I have always balanced and enriched my life as an epidemiologist with the practice of a wide spectrum of artistic media. When I encountered mosaic art, however, what started as a leisure pursuit evolved into a full time career.

I work closely with schools and temples creating unique, and personalized class gifts. Each kid gets to choose colors and names in the language of their preference. These gifts are available for kids all ages from age 0 to age 120, students, parents, staff, donors, etc.

I enjoy sharing my passion for mosaics by offering mosaic classes and, by facilitating mosaic community projects for people of all ages: school kids, college students, and adult groups. Mosaics are ideal for nursing home community enrichment activities, as a way to commemorate someone or a special occasion, for corporate team building events, and at countless additional occasions.
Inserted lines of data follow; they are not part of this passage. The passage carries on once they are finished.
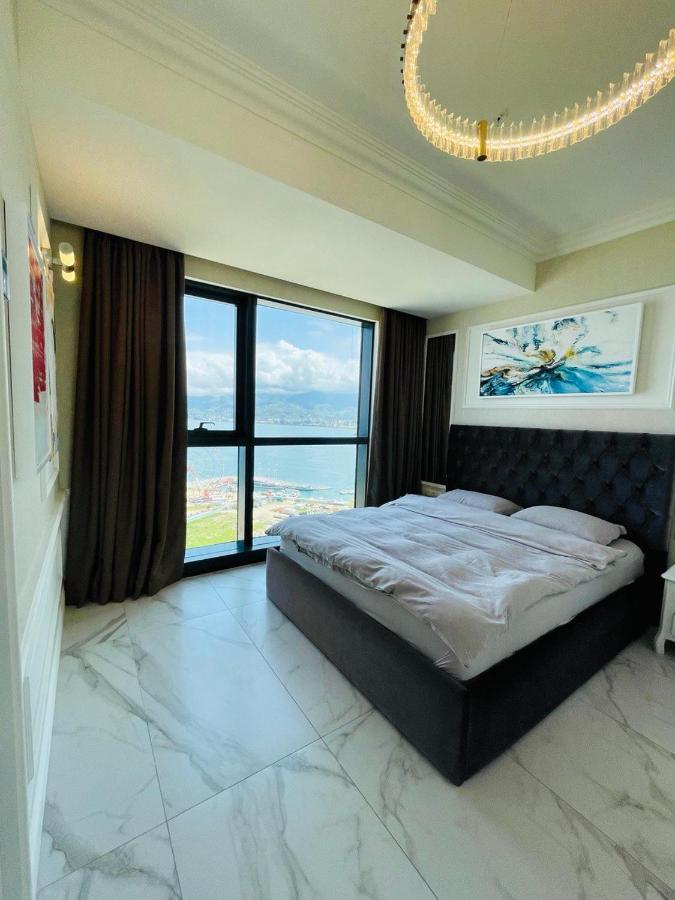 Balmaral Apart Hotel บาทูมิ ภายนอก รูปภาพ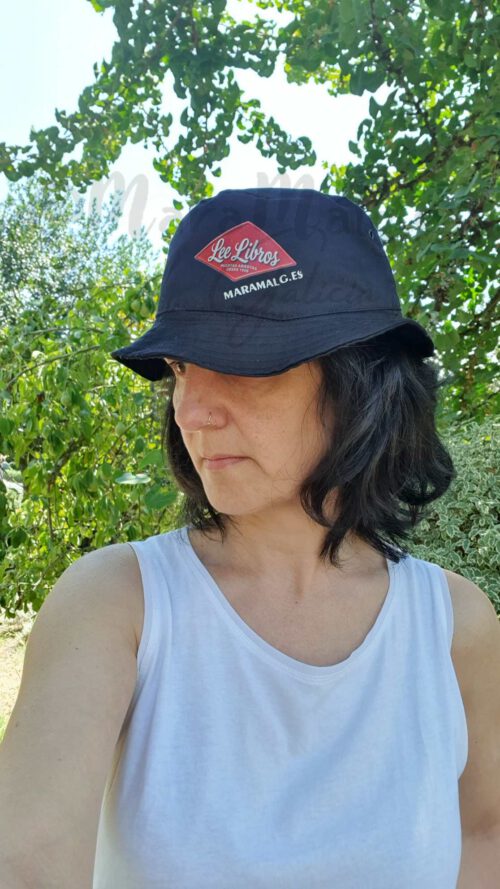 Gorro Explorador color negro con parche que dice Lee Libros
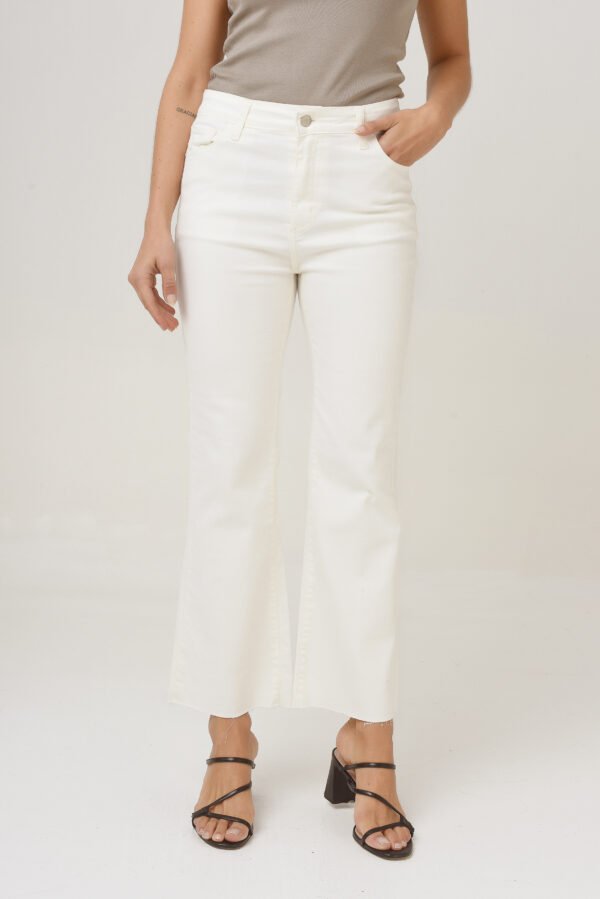 Crop Off White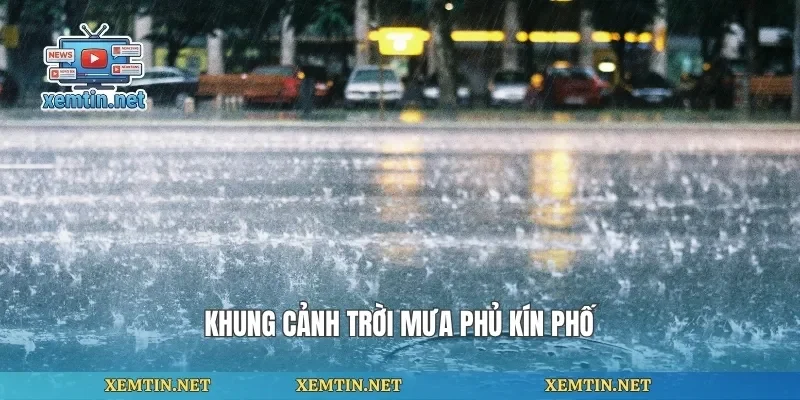 Khung cảnh trời mưa phủ kín phố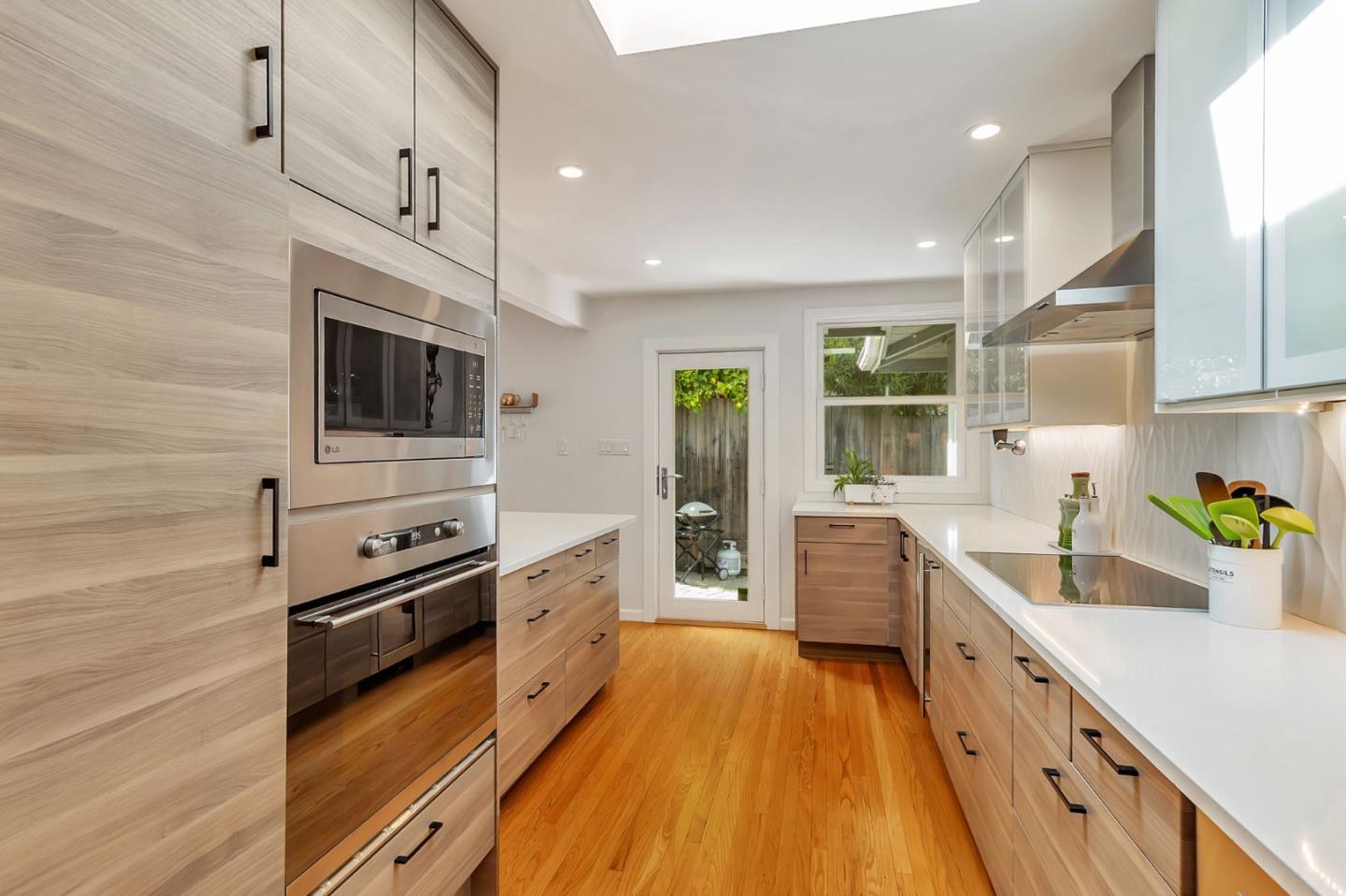 Detail Gallery Image 31 of 83 For 1528 Fernside St, Redwood City,  CA 94061 - 3 Beds | 2 Baths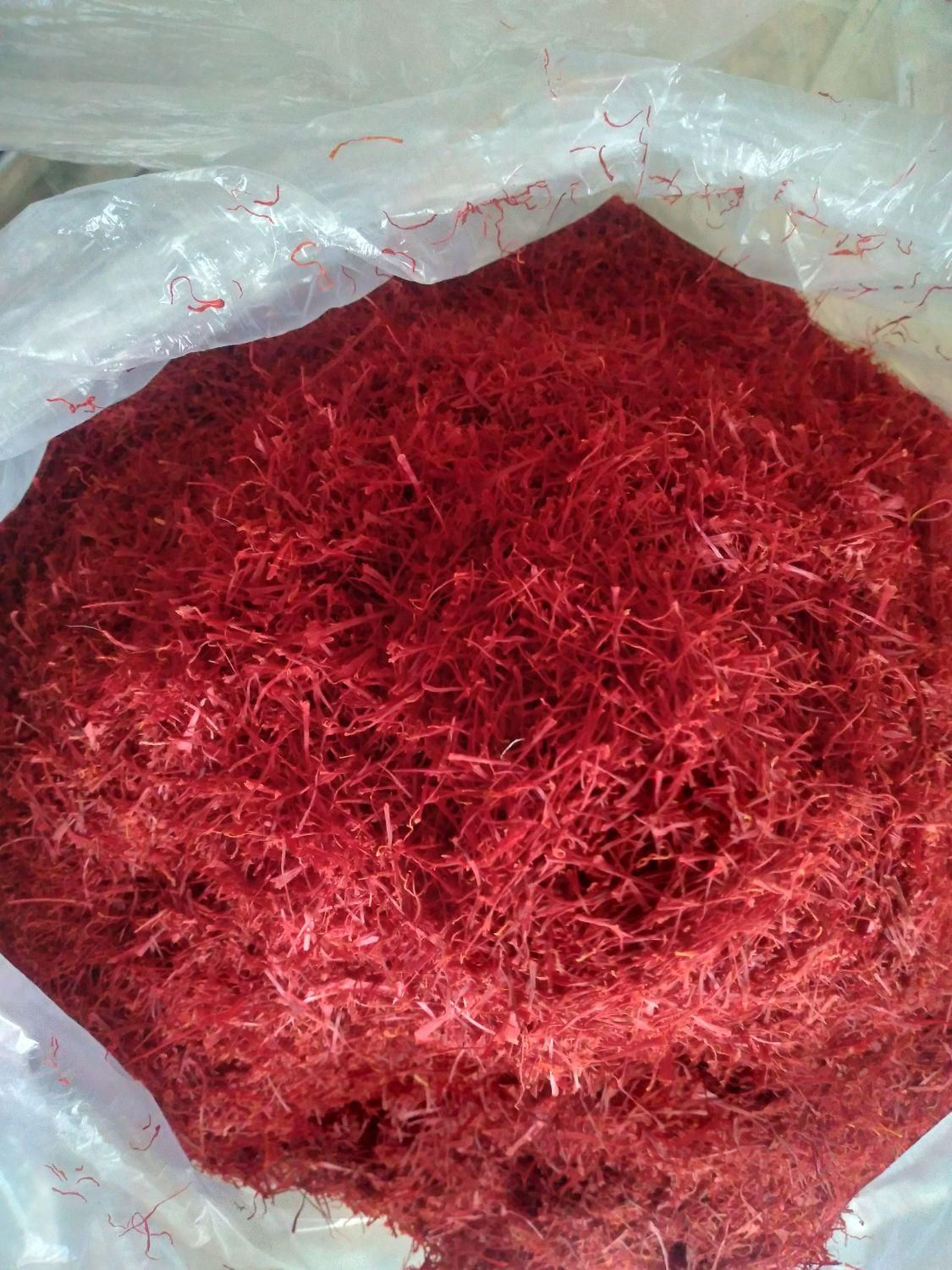 زعفران نگین سنتی خشک نطنز طرق رودباعطر ورنگ عالی|خوردنی و آشامیدنی|کاشان, الغدیر|دیوار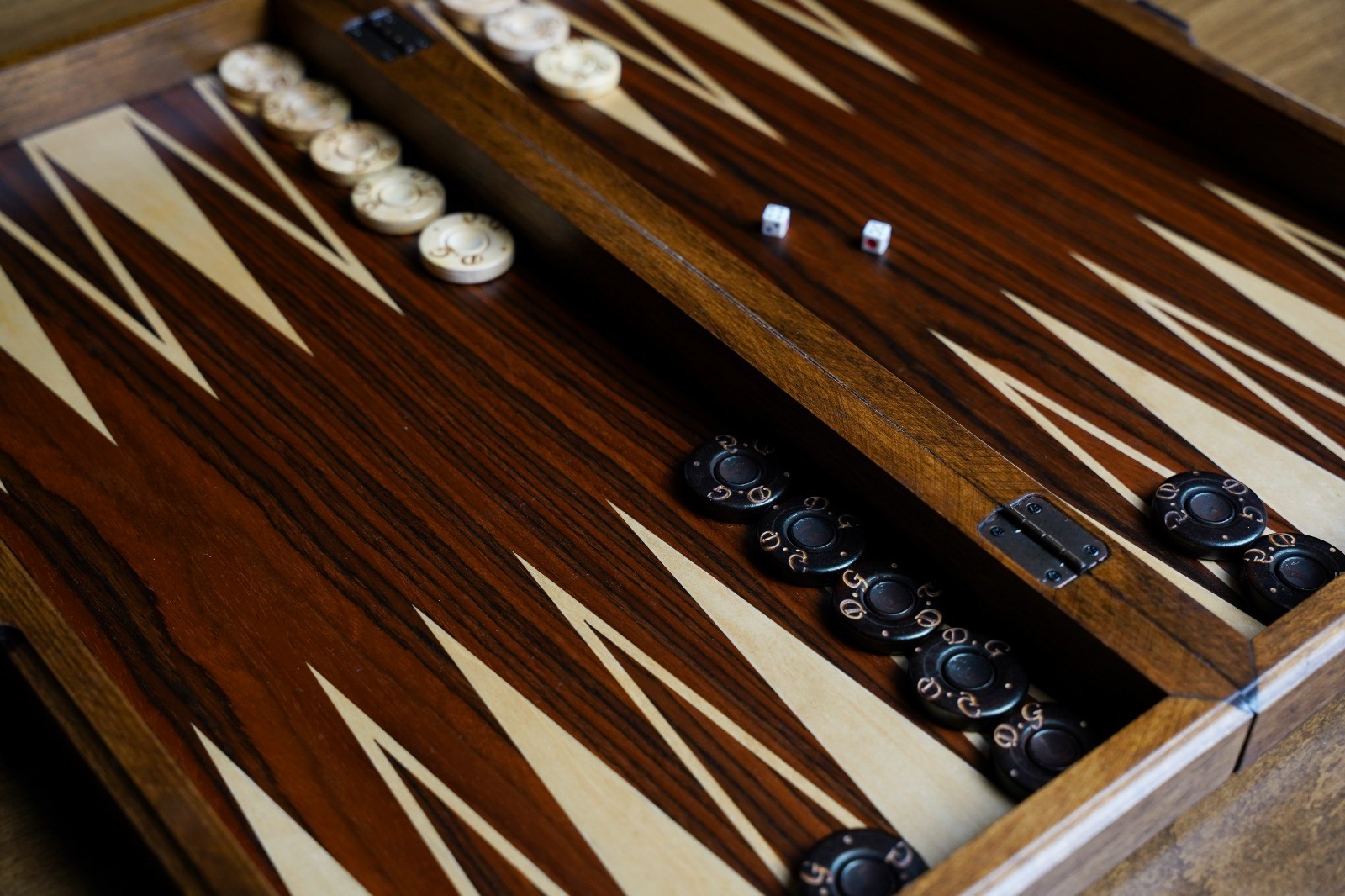 Handcrafted Walnut Backgammon Set with Customization Options: Personalize Your Game Experience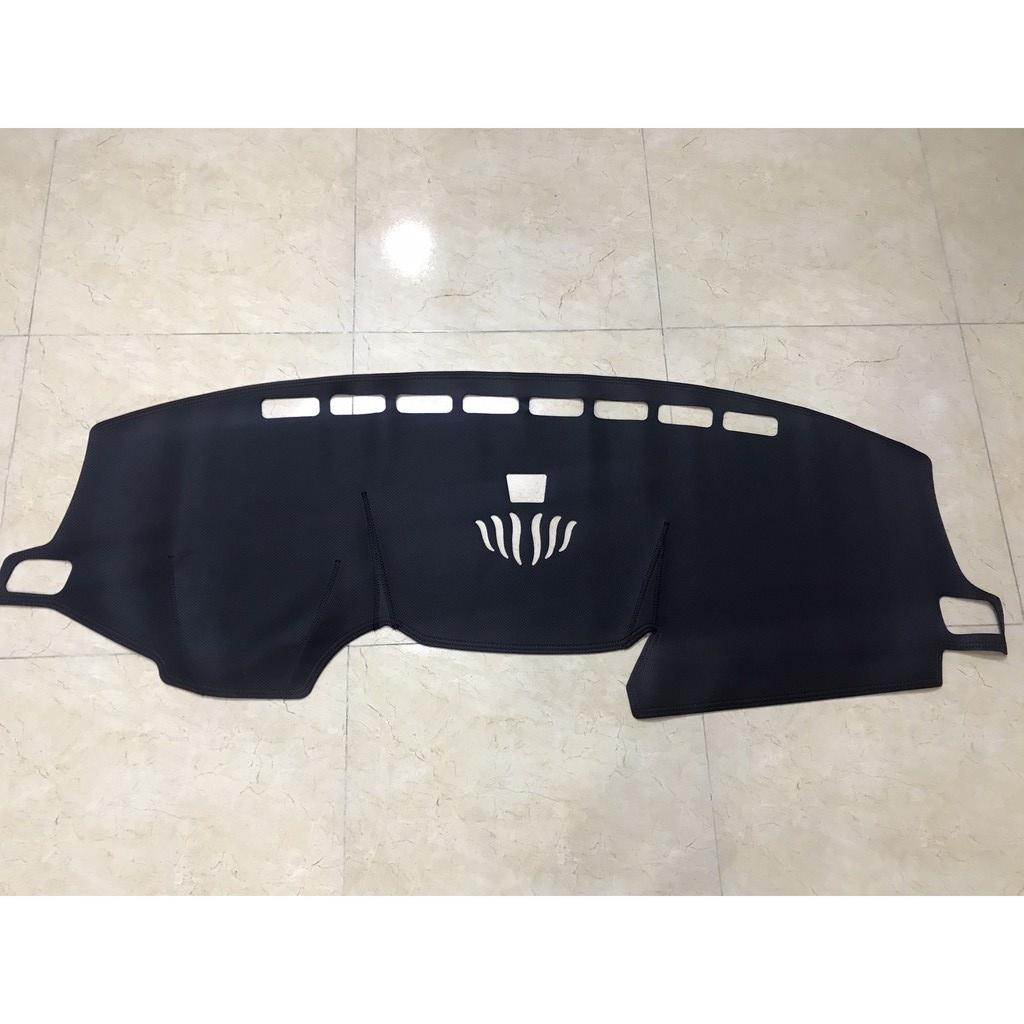 Thảm taplo da vân carbon CRV 2018-2022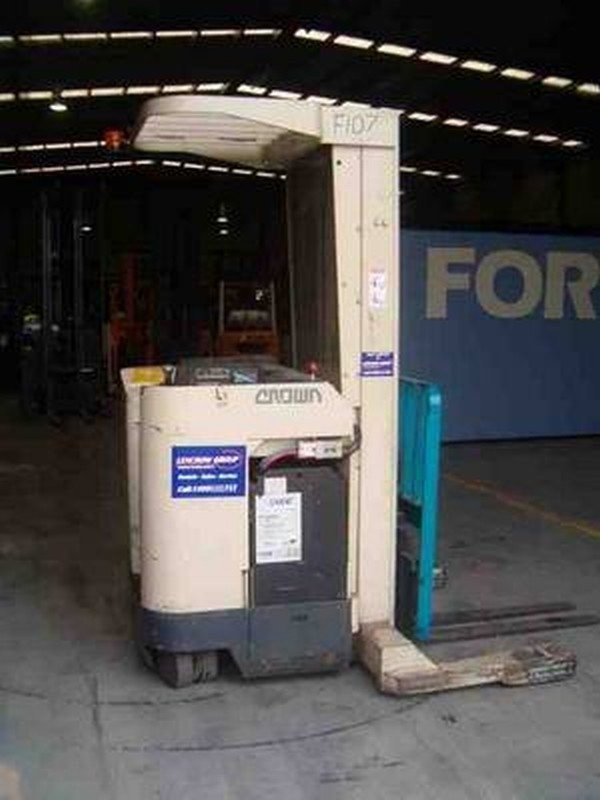 crown-35rrtt2107e2cc35e.jpg 2000 Crown 35RRTT210 Reach Trucks — Machinery Depot Pro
My mosaic work includes clocks, wine holders, mirrors, Judaica, and many other items. My work shows how every little tile holds on to its own individuality but also maintains a special interconnectedness and even interdependence to the pieces surrounding it. This is particularly evident during the process of “grouting” when all the individual tiles come together to form one piece. This feeling gets more noteworthy when I re-use parts of peoples’ broken jewelry, computers, and other gadgetry and combine them with colorful glass tiles to create unconventional forms. Sometimes it seems like one tile is having a conversation with another…Sometimes they need a bit of space among them but when I smooth the edges of one or both of them, they can talk again, respect each other, and in fact, their differences, as in life, enrich the final mosaic product.

My mosaic work is a combination of glass and ceramic tiles with broken jewelry and parts of obsolete electronic devices that otherwise accumulate as trash. The resulting mosaic pieces seem to capture the high-tech mystic those electronic devices once had and they seek to celebrate the beauty of human differences through their unconventional and “chromatilistic” forms.